China makes 'loose' translation of Clinton's book
BEIJING - Anyone planning to read the memoires of ex-president Bill Clinton in Mandarin, can expect a few remarkable revalations. According to the 'translators', Clinton writes that he is a great admirer of the former Chinese leader Mao Tse Tung. Clinton praises the inexhaustible wisdom of the Great Helmsman(?) in the Mandarin version of his book, whose well-known expressions he constantly citates. Mao's successors are showered with compliments too. Especially the 'scientific theories' of Deng Xiaoping (Dutch spelling of his name) were supposed to have been an important inspiration to the ex-president. "China is a mysterious and unique place", the Chinese 'translators' make Clinton write. "I can only marvel at the grand inventions of the Chinese."
"My name is Great Watermelon"
Critical notes about China from the original version of Clinton's biography have been left out for good measure. For example, the translation makes no mention of Clinton's criticism of China's human rights situation.
Also, the passage where he tells of the torture of one of his college professors in a Chinese prison is not in the Mandarin edition.

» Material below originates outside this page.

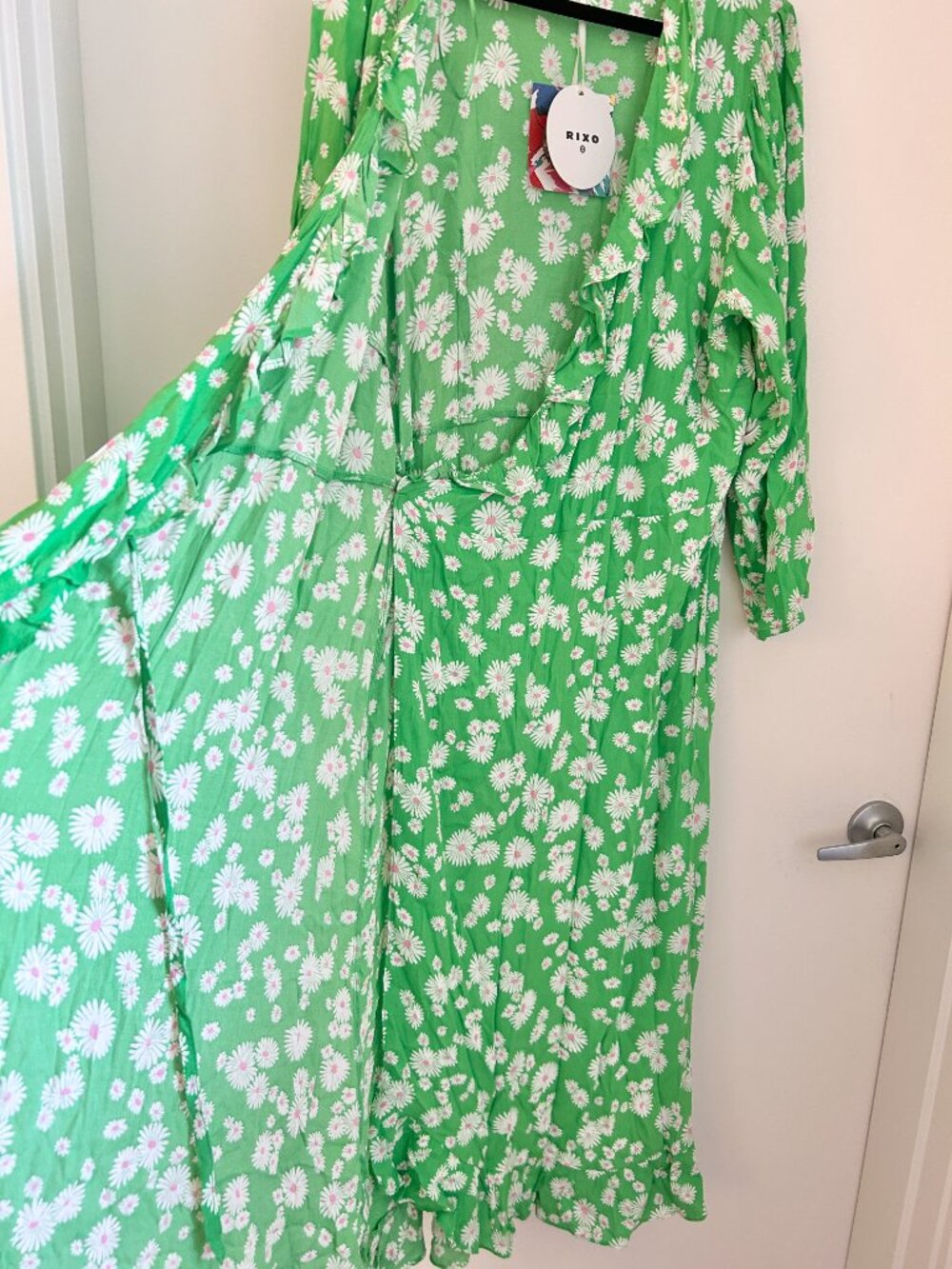 Rixo x Target Green & White Daisy Print Genuine Wrap Ruffle Dress Size 1X NWT - Picture 5 of 9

In contrast, there is also no reference to the American bombing of the Chinese embassy in Belgrado.
The translators of My Life have adjusted the biography to the Chinese taste. On his first meeting with his wife Hillary: "She was as beautiful as a princess. I told her my name was Great Watermelon." Women will swoon over the idea that the affair with Monica Lewinsky 'did not' harm the marriage.

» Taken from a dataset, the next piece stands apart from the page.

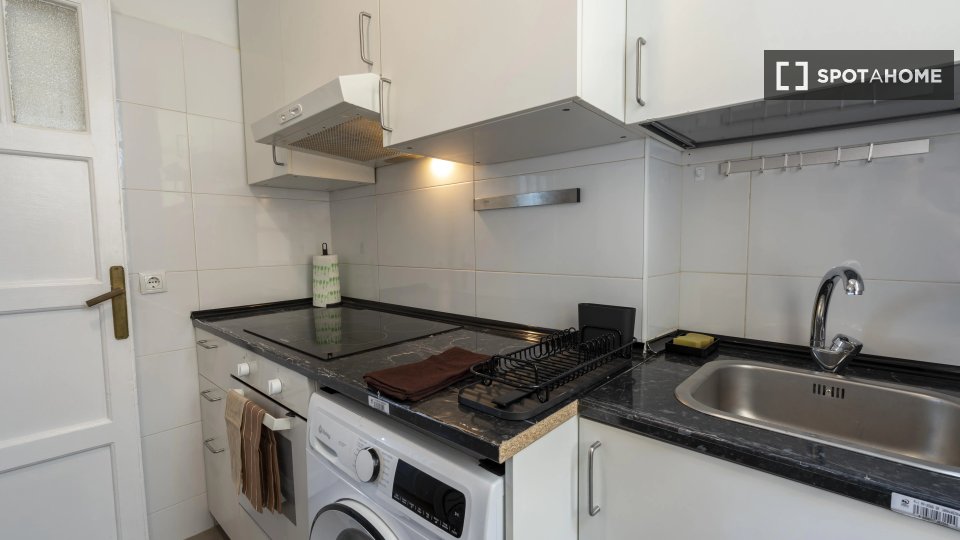 Double room Madrid, 5 beds — photo 7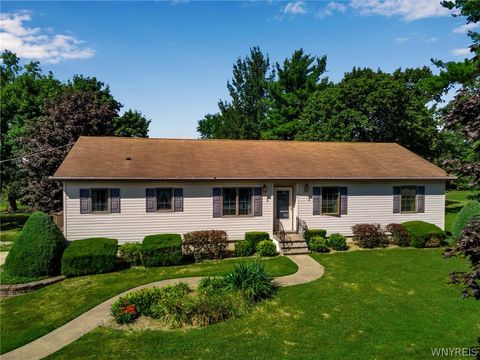 Photo of 53 William Kidder Road, Lancaster, NY 14086 (MLS # B1671804)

The translators have succeeded in adding whole new parts to the biography, while making the book only half as big.
The real version of Clinton's book is also available in China, for roughly $28 at specialized book stores. The translated version costs about $4, but can be bought from most street vendors in Beijing for about $1.50.
Clinton isn't the first celebrity to be the victim of the Chinese art of translation. In the past, Chinese book pirates 'decorated' the memoires of soccer star David Beckham with ancient Chinese proverbs to make the book more attractive to the Chinese market. The translation of the fifth Harry Potter book was even in Chinese bookstores before author J.K. Rowling had finished the original.